Internasional

Serba-serbi Ramadhan di Maroko

Sen, 18 April 2022 | 15:30 WIB

Serba-serbi Ramadhan di Maroko

Masjid Hassan II di Casablanca, Maroko. (Foto: Pixabay)

Jakarta, NU Online

Masyarakat Muslim dunia saat ini tengah menjalankan ibadah puasa Ramadhan, termasuk Muslim di Maroko. Maroko merupakan negara yang terletak di benua Afrika bagian utara. Negara yang memiliki julukan “Al Maghribi” ini dihuni oleh mayoritas beragama Islam dengan komposisi populasi Muslim sebanyak 99 persen dari penduduk negara.

 

Ketua Fatayat Pengurus Cabang Istimewa Nahdlatul Ulama (PCINU) Maroko Avika Afdiana Khumaedi menerangkan bahwa bulan Ramadhan di Maroko tahun ini jatuh di musim semi. Hal ini berbeda dengan bulan Ramadhan di beberapa tahun sebelumnya.

 

“Tahun-tahun sebelumnya, bulan Ramadhan itu jatuh di musim panas, terhitung selama 4 tahun saya di Maroko sejak 2017,” papar Avika saat dihubungi NU Online, Ahad (17/4/2022).

 

Perbedaan musim tersebut berpengaruh terhadap perubahan durasi berpuasa di Maroko. Avika menyebut bahwa pada Ramadhan tahun ini, umat Islam di Maroko menjalankan ibadah puasa selama kisaran 16 jam, terhitung sejak pukul 03.15 hingga 19.05.

 

Hal ini berbeda dengan berpuasa di musim panas. Saat musim panas, Avika menutur bahwa durasi puasa di Maroko bisa mencapai sekitar 16-17 jam.

 

“Biasanya di musim panas kita berpuasa dari 16-17 jam. berbeda dengan musim semi tahun ini kita berpuasa dari jam 03.15 pagi sampai jam 19.05 sore,” terangnya.

 

Berbuka dengan yang manis

Ungkapan “Berbuka dengan yang manis” terasa begitu hidup di Maroko. Avika menutur, hal ini lantaran menu makanan penduduk Maroko sendiri didominasi oleh halawiyat atau manisan.

 

“‘Berbukalah dengan yang manis’, itu ada banget di Maroko. Jadi, kita bisa melekatkan mereka sebagai yang selalu berbuka dengan yang manis-manis,” ungkap Mahasiswa Pascasarjana Universitas Mohammed V Rabat Maroko itu.

 

Terdapat beberapa menu yang banyaknya selalu dihidangkan saat berbuka puasa di Maroko.

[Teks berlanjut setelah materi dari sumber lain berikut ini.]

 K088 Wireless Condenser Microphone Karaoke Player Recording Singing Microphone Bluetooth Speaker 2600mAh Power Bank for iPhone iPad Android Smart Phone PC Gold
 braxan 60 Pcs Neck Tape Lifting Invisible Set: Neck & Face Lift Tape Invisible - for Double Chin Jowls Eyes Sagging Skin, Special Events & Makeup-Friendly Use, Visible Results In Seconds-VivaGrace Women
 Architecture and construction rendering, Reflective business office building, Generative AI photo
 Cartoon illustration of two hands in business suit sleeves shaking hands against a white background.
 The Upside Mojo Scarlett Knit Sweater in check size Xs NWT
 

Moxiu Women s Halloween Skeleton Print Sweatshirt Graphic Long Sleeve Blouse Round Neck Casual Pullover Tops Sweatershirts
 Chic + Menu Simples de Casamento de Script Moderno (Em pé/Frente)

Menu tersebut meliputi harira atau sup khas Maroko, kurma, b’ssara yang berbahan dasar kacang-kacangan seperti almond dan kenari lalu ditambah dengan minyak zaitun, dan baghrir.

 

Menu-menu tersebut, lanjut Avika, menduduki posisi yang sama dengan beragam takjil di Indonesia seperti kolak, candil, dan bubur kacang hijau. Hanya saja, beragam menu khas Maroko tadi didominasi oleh bahan dasar kacang-kacangan.

 

Menghidupkan Al-Qur’an

Menghidupkan malam Ramadhan dengan lantunan ayat suci Al-qur’an begitu terasa di Maroko. Avika menjelaskan, pelaksanaan Tarawih di Maroko biasanya diisi dengan kegiatan khataman Al-Qur’an.

 

“Durasi shalat tarawih di Maroko lebih lama daripada durasi kebiasaan di Indonesia yang misalnya dengan bacaan Juz Amma atau awalan surat tertentu dalam Al-Qur’an,” tuturnya.

 

Berbeda dengan Indonesia, tradisi itulah yang membawa penduduk Maroko memiliki dua kebiasaan berbeda saat berbuka puasa. Selain takjil, penduduk Maroko juga cenderung baru akan mengonsumsi makanan berat usai melaksanakan shalat Tarawih.

 

Menurut Avika, hal ini lantaran durasi malam di Maroko yang pendek. “Ada makanan berat yang mana mereka makannya itu setelah shalat Isya atau Tarawih. Ada ayam, daging, sayur yang dihidangkan dengan roti, bukan nasi,” katanya.